▸ **What you are asked to do**
Print all entries below exactly, without images.

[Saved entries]
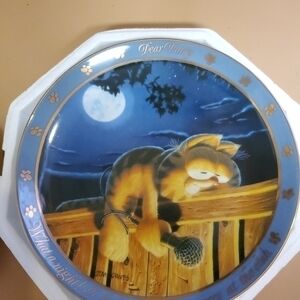 Garfield Collectors Plate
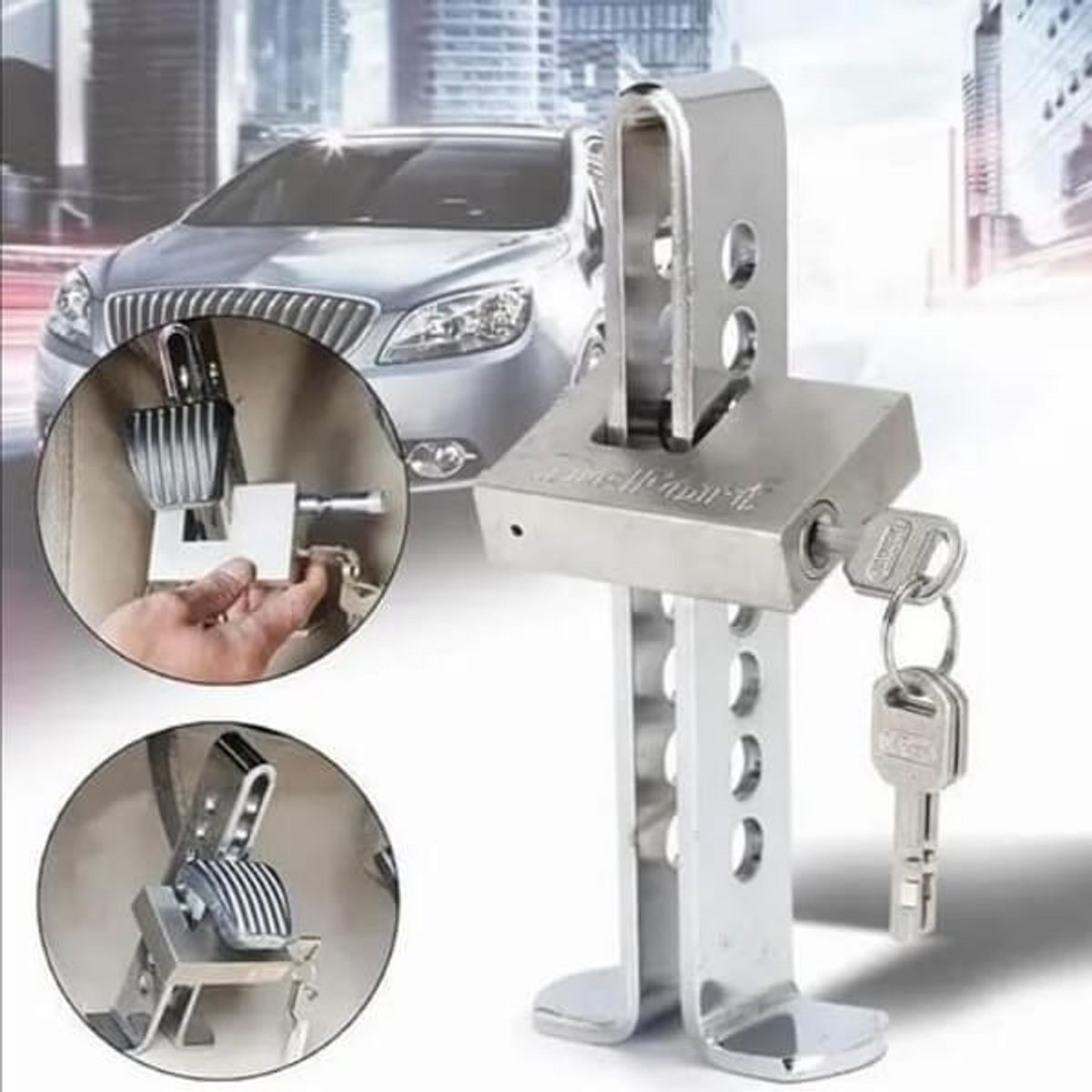 GENERICO - Traba Pedal Para Automovil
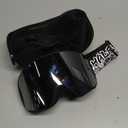 Whale Magnetic Flip-up Ski goggles, eyewear-style goggles For Men, Women And teenagers - 100% UV Protection (Silver Polarizer, Adult/Large)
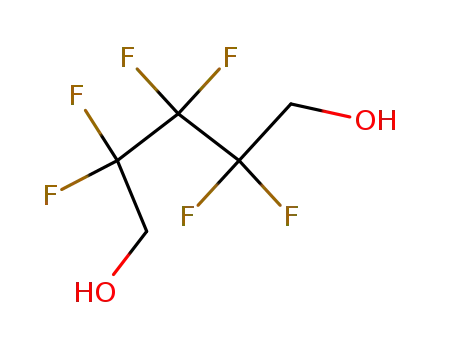 Molecular Structure of 376-90-9 (2,2,3,3,4,4-HEXAFLUORO-1,5-PENTANEDIOL)
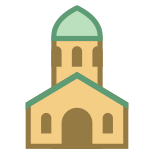 市内の教会 icon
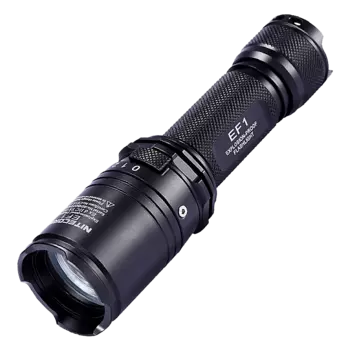 Фонарь светодиодный Nitecore EF1 CREE XM-L2 U3, 830 лм, аккумулятор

▸ **Reply**
 Garfield Collectors Plate
 GENERICO - Traba Pedal Para Automovil
 Whale Magnetic Flip-up Ski goggles, eyewear-style goggles For Men, Women And teenagers - 100% UV Protection (Silver Polarizer, Adult/Large)
 Molecular Structure of 376-90-9 (2,2,3,3,4,4-HEXAFLUORO-1,5-PENTANEDIOL)
 市内の教会 icon
 Фонарь светодиодный Nitecore EF1 CREE XM-L2 U3, 830 лм, аккумулятор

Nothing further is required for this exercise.